Study: Cox Joins Comcast In Stalling Web Traffic

Cox screengrabComcast isn't the only Internet service provider throttling traffic to peer-to-peer sites. Cox Communications is also interfering with visits to such bandwidth-hungry sites, according to a study released Thursday by the Max Planck Institute for Software Systems in Germany.

The research center found that 62% of Comcast subscribers to participate in a study were blocked from file-sharing sites, while 54% of the Cox participants were blocked. Around 8,000 Web users participated in the test.

Cox Thursday acknowledged in a statement that it manages bandwidth-intensive applications. "Cox allows the use of file-sharing and peer-to-peer services for uploads and downloads, and we allow access to all legal content, but we must manage the traffic impact of peer-to-peer services, as most ISPs do for the benefit of the customer," a company spokesman stated. "We'll continue to seek even better ways to manage our network to ensure a high-quality experience for our customers."

The specific revelations about Cox appear to be new, but Comcast has been on the defensive for its traffic-shaping practices since last October, when The Associated Press revealed that a study it conducted showed the company was impeding visits to peer-to-peer sites. Comcast has steadfastly said it doesn't block people from reaching sites, but acknowledges it sometimes slows down traffic to manage its network.

A Comcast spokesperson Thursday reiterated that the company slows some peer-to-peer traffic to manage congestion but doesn't block any visits, and that the company will develop a protocol-agnostic traffic management strategy by the end of this year.

Net neutrality advocates and others filed complaints against Comcast with the Federal Communications Commission after the traffic-throttling came to light. Federal legislators including Rep. Ed. Markey (D-Mass.) and Rep.

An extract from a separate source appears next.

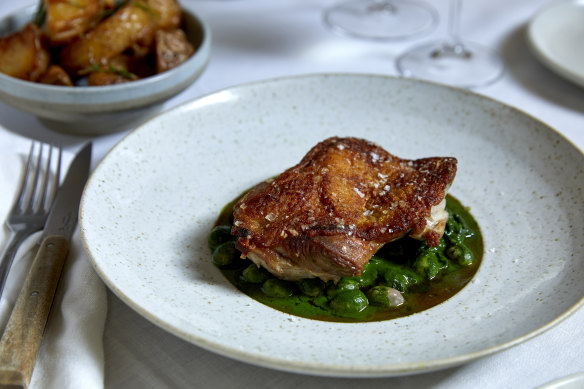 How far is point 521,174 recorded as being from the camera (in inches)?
145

John Conyers (D-Mich.) recently proposed separate net neutrality bills.

Advocates renewed their call for federal intervention on Thursday. "This new study shows that the threat to the open Internet is not isolated to one company's network, but endangers access by a wide group of Internet consumers across the country," said Markham Erickson, executive director of the Open Internet Coalition, in a statement. "The danger is real, and requires firm action by the FCC in response to the pending Comcast complaint."